Je n’aime pas le mot « plutôt », il ne faut pas opposer des solutions qui vont dans le bon sens de la decarbonation :
Si l’exploitation d’hydrogène naturelle se révélait dans le future énergiquement rentable, cela pourrait toujours être un bon complément.
La conclusion est qu’aujourd’hui nous n’avons tout simplement pas la moindre idée des quantités d’hydrogène naturelle exploitable ni de comment les extraire.
Mais il serait à mon avis dommage d’écarter d’emblée cette solution sans aller plus loin dans l’étude du sujet.

A noter également que l’électrolyse de l’eau par énergie solaire/éolien reste un moyen de produire de l’hydrogène avec un mauvais TRE…

L’électrolyse avec du nucléaire voir même l’électrolyse haute température (HTSE) en utilisant directement la vapeur du circuit des centrales sont de bien meilleurs solutions.

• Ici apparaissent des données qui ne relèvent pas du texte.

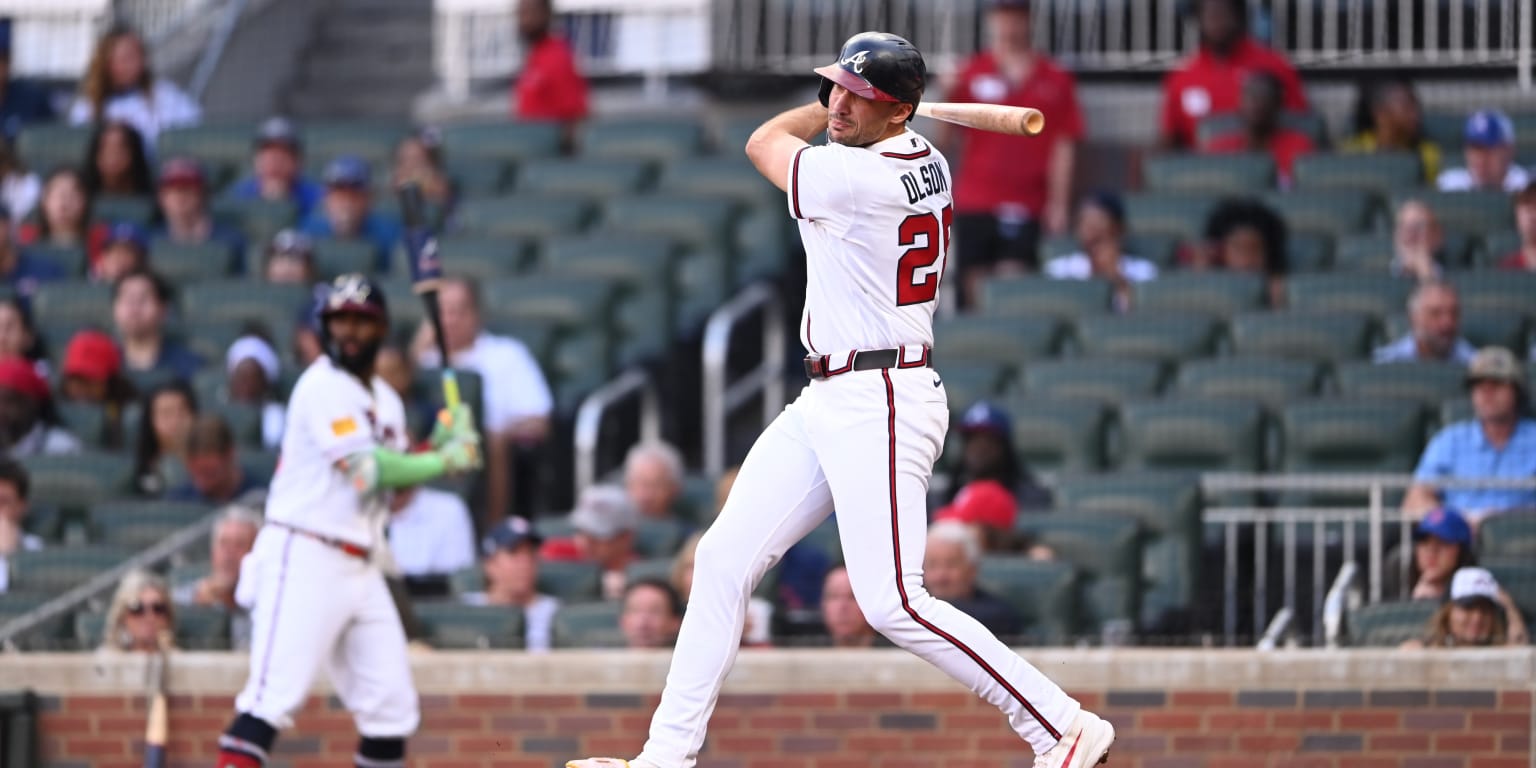 Olson joins Musial in 8th place on all-time consecutive games list 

Mais justement c’est ce qui a attiré mon attention en particulier, c’est qu’il existerait des poches mais aussi des flux, donc une production continue de H2, c’est pourquoi parler uniquement de réserves ne me semble pas complètement refléter la réalité, d’une part.
D’autre part je serais très surpris que tous les gisements terrestres et marins aient été explorés à ce jour vu que l’intérêt pour cet hydrogène semble très récent comme en témoigne l’histoire Russe racontée par Prinzhofer.
L’autre conséquence immédiate est qu’il ne faut pas/plus dire que l’hydrogène n’existe pas sur terre à l’état gazeux H2 car c’est faux.

je voulais dire : " une production décarbonée" de l’hydrogène n’est pas le terme approprié , il faut dire hydrogène " bas carbone " on ne sait pas faire zéro émission …RTE emploie le terme « bas carbone »

Bon les gens, c’est encore Noël le réveilleur vient se sortir sa première vidéo sur l’hydrogène.